I was asked to do a small talk about a refactoring process called “Branch by Abstraction” at work. Not knowing anything about this technique or how it related to the work I’m currently doing, I created the following notes. Some of the description and the images are taken from the Martin Fowler explanation available here and the “remix” of that article available here
What problem are we trying to solve with this technique? The scenario is that we want to undertake a large-scale refactoring on a piece of software. However, we still want to push out regular releases during the refactoring periods, so we can’t break the software whilst the refactoring is under way. At any point we want to be able to push out an new update with everything working.
One solution might be to use feature branching. In this case we’d create a new branch for the refactoring, and upon completion we’d merge the code back into the trunk. This might be a viable solution, or we might decide that we don’t want to keep changes on a long-running branch, or that the merging will be significantly painful and that we’re prefer to take an approach that avoided it. This might well be the decision if the refactoring is significantly large that it takes weeks or months to complete the change. The arguments for and against branching are too big and painful to get into here.

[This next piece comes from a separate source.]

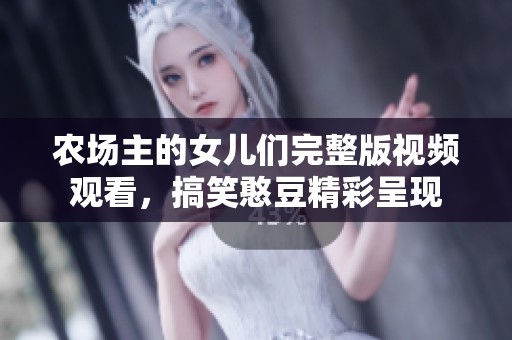 农场主的女儿们完整版视频观看，搞笑憨豆精彩呈现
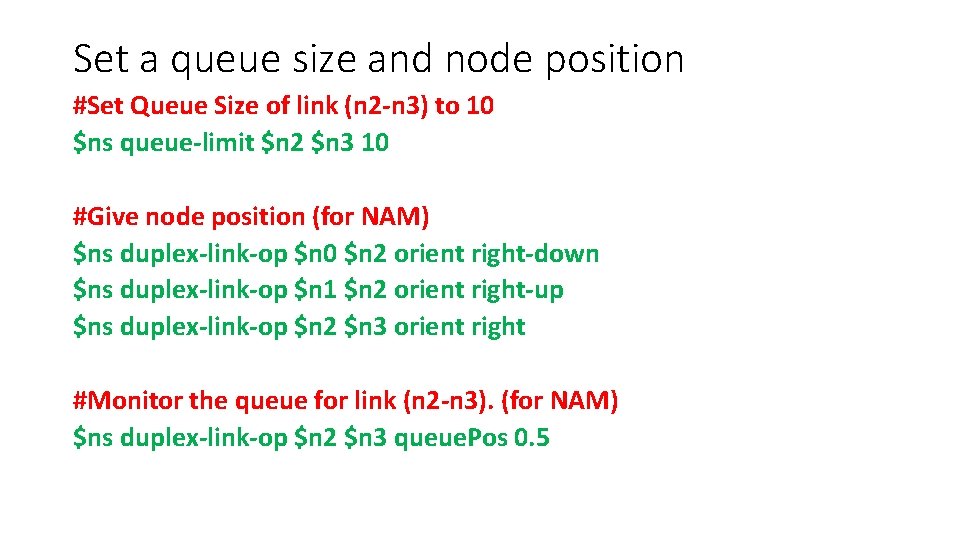 Set a queue size and node position #Set Queue Size of link (n 2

An alternative is to use “Branch by Abstraction”. The name is slightly misleading as no branching is involved. Instead this technique describes an alternative to branching where all development work continues to be done on the trunk, which is kept in a stable state throughout. Changes are instead performed by introducing abstraction.
What does this mean? Imagine this is the initial state of the system. We have several “clients” make use of the flawed “supplier” code:
The first thing we’d do is to create an abstraction layer around the code we want to refactor. This might be a simple interface which calls into the flawed suppler code. The clients are then migrated over to use the new abstraction layer. For the sake of a simple example, imagine it is trivial to move all the refactored code behind the abstraction layer:
At the point where nothing is reliant on it, the initial flawed supplier code can be deleted, along with the abstraction layer which has now fulfilled it’s purpose.

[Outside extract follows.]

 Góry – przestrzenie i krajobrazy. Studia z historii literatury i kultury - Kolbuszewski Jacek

So the underlying idea is to create a single abstraction of the supplier, and then to create multiple implementations of that abstraction which can exist side-by-side. We can then migrate from the old implementation to the new implementation at our own speed, until it has been replaced completely.
Step-by-step, the process would be (copied directly from this article):
- Create an abstraction over the part of the system that you need to change.
- Refactor the rest of the system to use the abstraction layer.
- Create new classes in your new implementation, and have your abstraction layer delegate to the old or the new classes as required.
- Remove the old implementation.
- Rinse and repeat the previous two steps, shipping your system in the meantime if desired.
- Once the old implementation has been completely replaced, you can remove the abstraction layer if you like.
Code which is already follows decent SOLID principles, especially using dependency inversion and the interface segregation principles will be easier to refactor using these techniques, as the interface makes a natural place to introduce the abstraction layer.
In practice it may be too big a step to move every client behind the abstraction layer in one go. There is nothing to stop us picking one client which only makes use of a small portion of the supplier and making the change there first. This diagram shows an example of a possible first step when refactoring a more complex case:
Although not mentioned in the Martin Fowler article, it’s possible to also use feature toggles to switch between the two implementations, or to slowly roll out the new supplier to individual accounts.
What are the benefits of this approach? As mentioned, the goal is to keep the code deployable at any stage. The code “works” at all times, so only the team involved in the refactoring are affected by the change. It avoids merging. Confidence may be higher when committing micro-changes on a regular basis, as opposed to a larger single change at the end of a branch. Adding the abstraction may also help improve the modelling of the application in it’s own right.